Voilà l'économie de ce texte à grands traits.

Premier enjeu : le régime de transition. Dans l'attente de la généralisation des DAC, le Gouvernement préfère prolonger les commissions départementales (Cdac) plutôt que de créer des Crac. Où est la cohérence de ce texte si, d'un côté, on claironne qu'il est nécessaire d'intégrer l'urbanisme commercial dans le droit de l'urbanisme et que, de l'autre, on maintient encore pendant cinq ans un régime à bout de souffle ? De plus, dans les Crac, les élus seront majoritaires.

Enfin, les critères de décision des Crac sont plus stricts que dans les Cdac. Les 4 millions de m² accordés en 2009 et 2010 nous imposent d'intervenir rapidement !

Certaines enseignes, comme Bricorama, voient leur chiffre d'affaires stagner alors que le nombre de leurs implantations a considérablement augmenté au risque de voir se développer des friches commerciales.

Deuxième gros enjeu de nos débats : la question de la typologie des secteurs d'activité commerciale.

Les implantations commerciales seront à l'avenir autorisées en fonction de la conformité du permis de construire. Le maire devra se borner à vérifier si le projet satisfait aux règles d'urbanisme. Cela me convient, mais à une seule condition : que les DAC disposent d'outils assez forts pour réguler les implantations commerciales. Constatant que rien, dans la boîte à outils du DAC, ne lui permettait de renforcer le pouvoir de contrôle des élus, j'ai proposé à la commission de l'économie d'encadrer les conditions susceptibles d'être fixées par le document d'aménagement commercial. Cet encadrement ne pouvait se faire que selon deux voies. La première est celle de l'abaissement des seuils de surface. La commission de l'économie a partiellement suivi ce chemin en exprimant ces seuils en SHON plutôt qu'en surface de vente, ce qui correspond à une baisse des seuils 20 %. La seconde, plus novatrice, est celle d'une régulation des implantations sur la base d'une typologie des secteurs d'activité commerciale. Le DAC pourra poser, dans les secteurs périphériques, des règles de localisation différentes selon la catégorie de commerce considérée (alimentation, équipement de la personne, équipement de la maison, loisir-culture).

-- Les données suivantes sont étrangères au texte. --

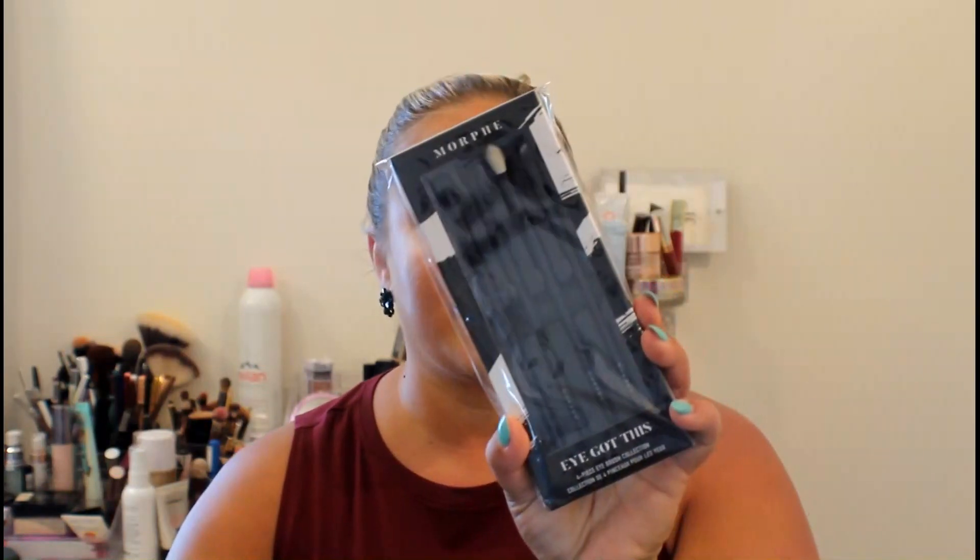So I just bought the Laura Lee brushes — and I was just saying how much Morphe brushes make me mad because I bought a whole set at the beginning of the summer and they do not wash well. But I got this four-piece eye brush collection from Morphe. It comes with an oval shadow brush, pro filming blender crease brush, and tapered mini blush angled liner brush. So that's the first thing I got.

Cette disposition, adoptée à l'unanimité par la commission, n'est ni contraire à la liberté d'établissement -la Commission européenne a même déclaré ce texte « exemplaire »-, ni susceptible d'être détournée par certains élus.

Monsieur le ministre, si vous êtes en mesure de nous proposer une autre solution qui réponde au problème de l'agonie des centres-villes, nous sommes preneurs ! Restons modestes, mais soyons déterminés pour mettre fin à l'anarchie actuelle. Nous ne pouvons nous faire les apôtres d'un immobilisme coupable !

J'ai la conviction que, si on ne donne pas au DAC les outils puissants que je vous propose d'adopter, l'aménagement du territoire sera une fois de plus, et pour longtemps, sacrifié. (Applaudissements à droite et au centre)

M. Jean-Claude Merceron.  - Depuis le début des années 1960, l'urbanisme commercial a vu le développement des grandes surfaces. On a voulu doter chaque quartier de la ville d'une fonction déterminée, selon le voeu exprimé par Le Corbusier.

Cette conception irréaliste a conduit à la désertification des centres-villes.

Depuis quarante ans des métastases commerciales se sont développées en périphérie. Face à cette situation, nous avons tenté, en vain, depuis la loi Royer et jusqu'à la loi Raffarin de 2006, de contrôler les implantations commerciales. Mais la tendance s'est inversée, puisque la loi LME de 2008 a relevé les seuils d'autorisation pour les implantations commerciales, privilégiant ainsi une lecture économique et concurrentielle par rapport à une conception soucieuse d'un aménagement et d'un développement urbains harmonieux et durables.

L'adoption fin 2009 de la proposition de loi de M. Sueur sur les entrées de ville a fait évoluer les esprits.

La présente proposition de loi vise à favoriser un développement harmonieux du commerce urbain, en limitant l'étalement urbain, en tenant compte de l'offre de transports, en promouvant la diversité commerciale et en revitalisant les centres-villes.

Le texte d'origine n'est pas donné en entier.